Question

The number of positive factors of 9600 including 1 and 9600 are
A.60
B.58
C.48
D.46

Answer 1

Hint: To find the number of factors of a given number, express the number as a product of powers of prime numbers. Now, increment the power of each of the prime numbers by 1 and multiply the result.
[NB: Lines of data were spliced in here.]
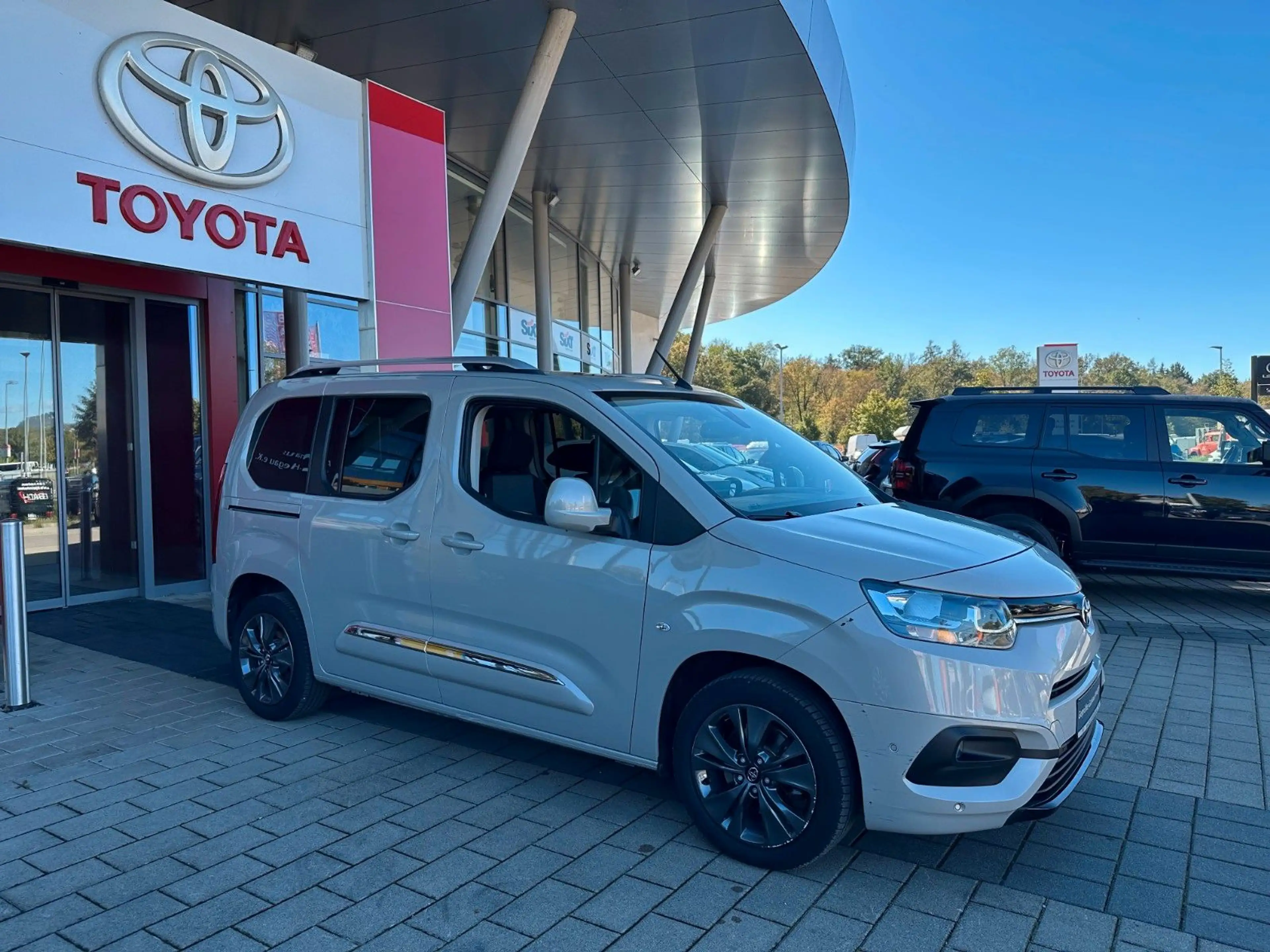 Toyota Proace Verso L1 Executive,NAVI,PANO,AHK,KAM — photo 4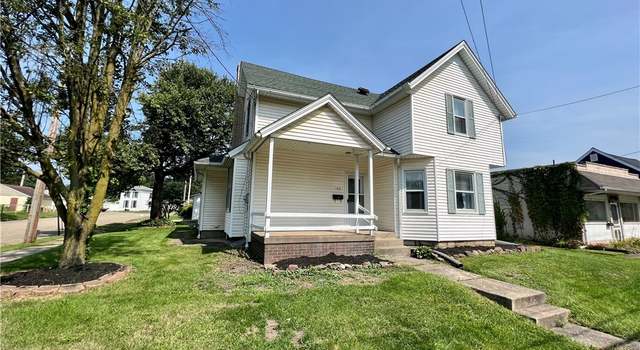 Photo of 102 Canal St E, Navarre, OH 44662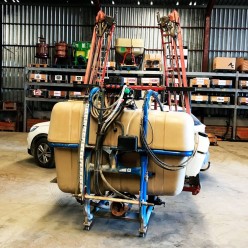 PULVERIZADOR AGUIRRE SUSPENDIDO 12 METROS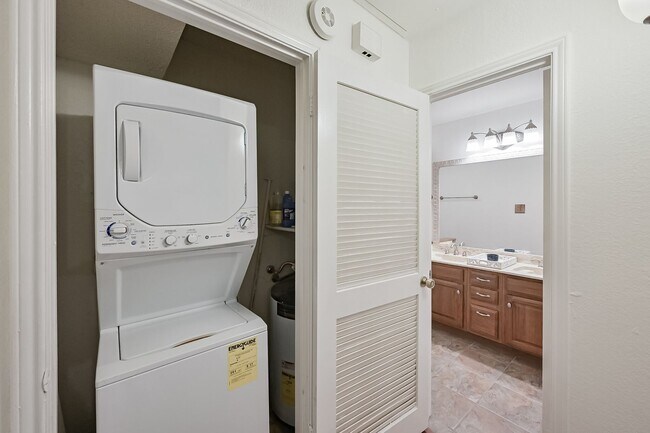 Building Photo - North Arlington Condo - 5 minutes to AT&T Stadium and Globe Life Field!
That is we need to write the number N in the form of $N = {p^a}*{q^b}*{r^c}$ where p , q , r are prime numbers then the number of factors is given by the formula .$\left( {a + 1} \right)\left( {b + 1} \right)\left( {c + 1} \right)$.

Complete step-by-step answer:
Step 1:
The given number is 9600.
Firstly, we need to express this into the product of primes.
Let's do prime factorization to express 2520 as the product of primes
So let's divide 9600 by 2 as it’s the first prime number.
$ \Rightarrow \frac{{9600}}{2} = 4800$
We get 4800 which is a even number so we can divide it further by 2
$ \Rightarrow \frac{{4800}}{2} = 2400$
Now we get 2400 which even so let's proceed by dividing it by 2
$ \Rightarrow \frac{{2400}}{2} = 1200$
We get 1200 which is a even number so we can divide it further by 2
$ \Rightarrow \frac{{1200}}{2} = 600$
We get 600 which is a even number so we can divide it further by 2

$ \Rightarrow \frac{{600}}{2} = 300$
We get 300 which is a even number so we can divide it further by 2

$ \Rightarrow \frac{{300}}{2} = 150$
We get 150 which is a even number so we can divide it further by 2

$ \Rightarrow \frac{{150}}{2} = 75$
Now we have 75 which is not divisible by 2
So $9600 = 2*2*2*2*2*2*2*75 = {2^7}*75$
Step 2 :
Here 75 is not a prime number so we can continue factoring it with the next prime number.
The next prime number is 3
So let's divide 75 by 3
$ \Rightarrow \frac{{75}}{3} = 25$
We get 25 which is not divisible by 3 .
So now $9600 = 2*2*2*2*2*2*2*3*25 = {2^7}*3*25$
Step 3:
Now 25 is not a prime number , so let's divide it by the next prime number 5
$ \Rightarrow \frac{{25}}{5} = 5$
Now we get 5 and we already know 5 is a prime number
Hence we cannot divide it further.
Therefore , $9600 = 2*2*2*2*2*2*2*3*5*5 = {2^7}*{3^1}*{5^2}$
Step 4:
Now we have expressed 9600 as the product of primes.
Therefore when a number N is expressed as $N = {p^a}*{q^b}*{r^c}$ , where p,q,r, are primes.
The number of factors of N is given by $\left( {a + 1} \right)\left( {b + 1} \right)\left( {c + 1} \right)$
Here p = 2 , q = 3 , r = 5 and a = 7 ,b = 1 ,c = 2
Therefore the number of factors of 9600 is ,
$
   \Rightarrow \left( {a + 1} \right)\left( {b + 1} \right)\left( {c + 1} \right) \\
   \Rightarrow \left( {7 + 1} \right)\left( {1 + 1} \right)\left( {2 + 1} \right) \\
   \Rightarrow 8*2*3 \\
   \Rightarrow 48 \\
$
The correct option is C

Note: Points to remember: 1.Every number is a factor of itself.
2.Every factor of a given number is either less than or equal to the given number.
3.1 is a factor of every given number.
4.Every factor of a given number is an exact divisor of that given number.